News Corp. (NWSA:US) Chairman Rupert Murdoch said he doubts a bid by the Chandler family for Tribune Co., the second-largest U.S. newspaper company, will succeed.
``I don't really believe it's going to happen,'' Murdoch said at a McGraw-Hill Cos. media conference in New York today.
Murdoch said yesterday he was interested in joining the Chandlers, who are Tribune's largest shareholders, in an offer that would give the family control of Tribune's 11 newspapers, including the Los Angeles Times and Newsday, based on Long Island, New York.

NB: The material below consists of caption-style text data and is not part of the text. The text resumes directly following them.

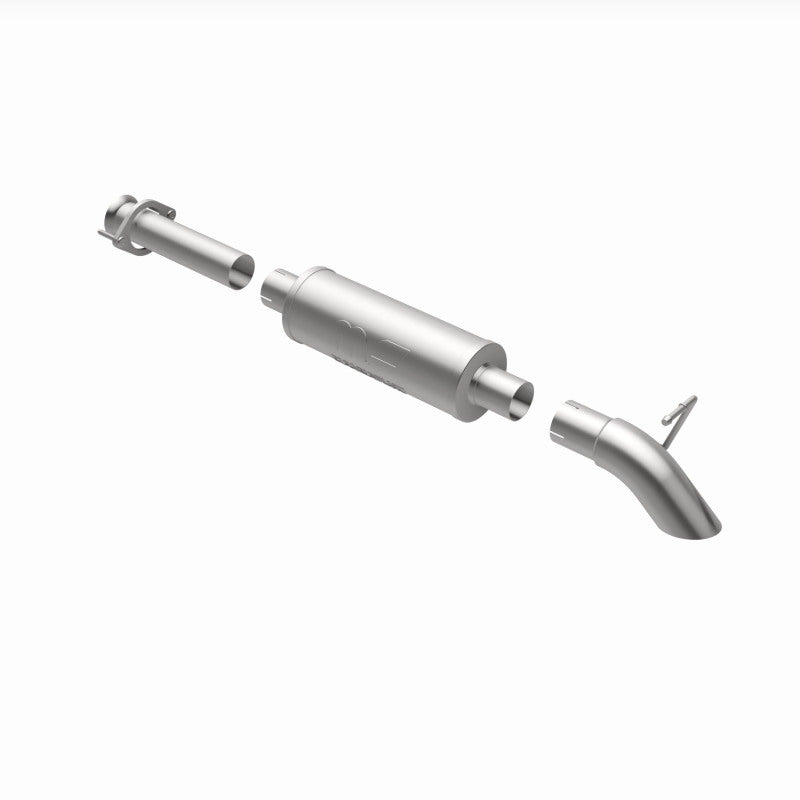 MagnaFlow Jeep Wrangler Off Road Pro Series Cat-Back Performance Exhaust System 17121 360 Degree Image Set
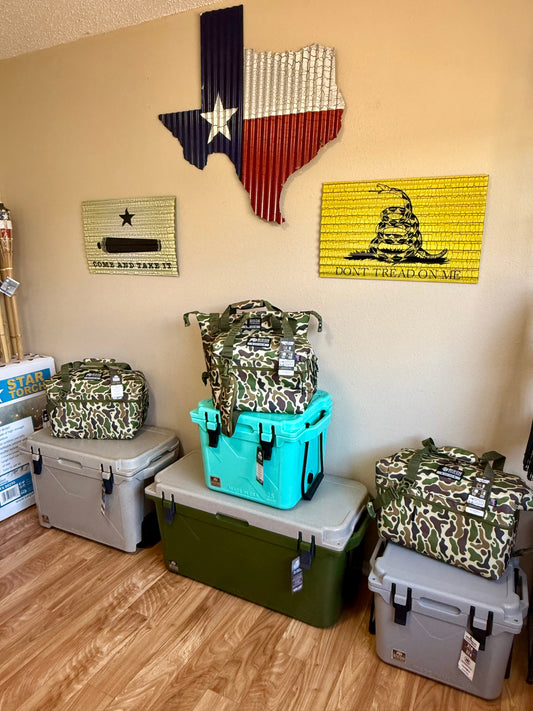 Bison Coolers Are Here! Shop the Best Coolers in La Vernia, Texas at LV Home and Outdoor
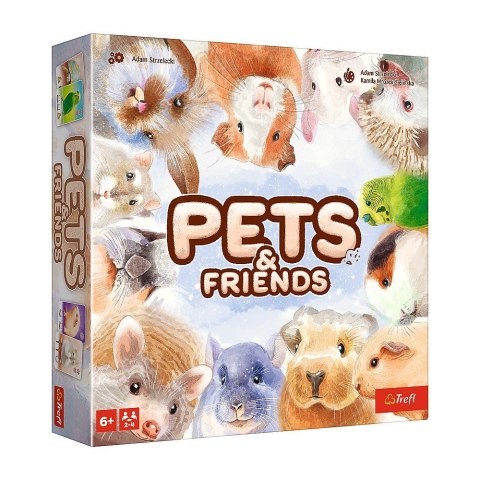 Gra Pets & Friends Zwierzątka Gra Pets & Friends Zwierzątka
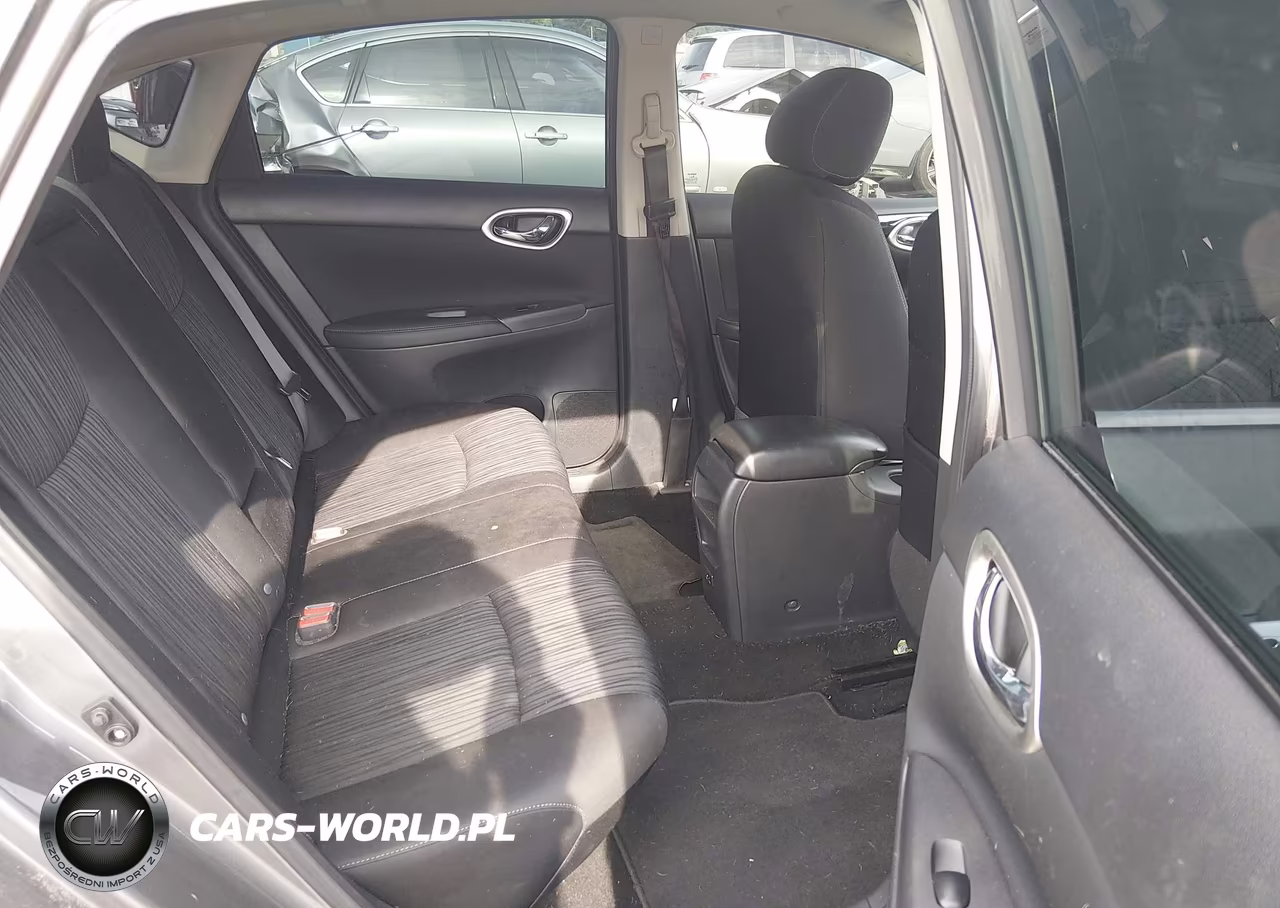 2019 Nissan Sentra Sv VIN:3N1AB7AP1KY249700 - 8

News Corp.'s interest would be limited to combining the printing and administrative functions of News Corp.'s New York Post with Tribune's Newsday. ``We don't want the whole thing,'' Murdoch said today.
Shares in Tribune, second in newspapers to Gannett Co. (GCI:US), fell 3 cents to $30.92 at 4:03 p.m. in New York Stock Exchange composite trading. The stock has fallen about 9 percent since it put itself up for sale in September.
The Chandlers, who control 20 percent of Tribune through family trusts, offered $7.6 billion for the company. Billionaires Eli Broad and Ron Burkle also made an offer, as well as the Carlyle Group private-equity firm.
``Economics are getting more difficult for newspapers all the time,'' Murdoch said. ``The problem for newspapers is that young readership is going down.''
Class A shares of New York-based News Corp., which owns more than 175 newspapers, a majority of them in Australia, gained 60 cents to $23.94 at 4 p.m. in New York Stock Exchange composite trading. They've gained 51 percent in the past year.